How often does the application make this "round trip to the database"? One, two, five, twenty ... [ November 06, 2008: Message edited by: James Clark ]
The problem at hand is to find an alternative to avoid those database round trips which happen as part of one application flow. The idea is to reduce those multiple database interactions and have some sort of in-memory database.
I see. Is the application and the database management system located on different machines?
An alternative to creating an object-based memory database would be reduce the number of database calls. This can be accomplished by writing more efficient SQL statements and/or using stored procedures and/or modifying the relational model. [ November 07, 2008: Message edited by: James Clark ]
An alternative to creating an object-based memory database would be reduce the number of database calls. This can be accomplished by writing more efficient SQL statements and/or using stored procedures and/or modifying the relational model.
Another option might be caching. Frankly, I'm still not sure what the reason behind wanting to reduce database access is...

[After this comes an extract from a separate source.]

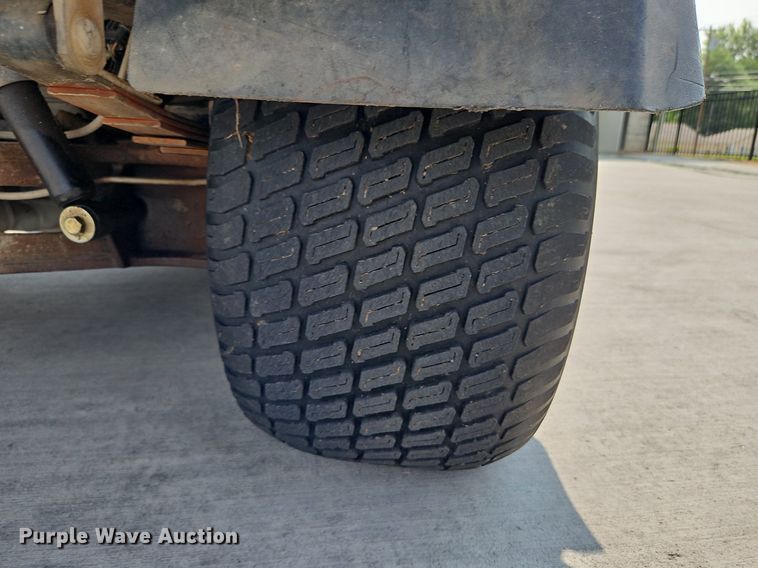 image for item LM9081 2010 Toro Workman HDX  utility vehicle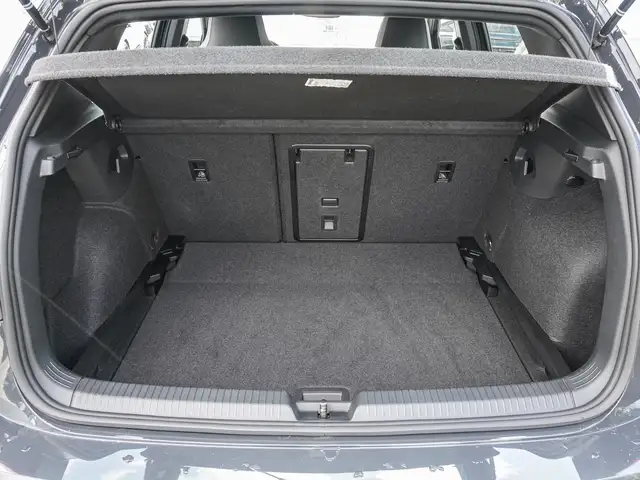 Volkswagen Golf view 17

The soul is dyed the color of its thoughts. Think only on those things that are in line with your principles and can bear the light of day. The content of your character is your choice. Day by day, what you do is who you become. Your integrity is your destiny - it is the light that guides your way. - Heraclitus
Thanks for the response. At this juncture I am not sure whether the app and the database will be collocated or on separate machines. Disregarding my current requirement I want to understand how widespread is the approach of using "an in-memory database". I got to hear a framework called "Seam" is step in that direction.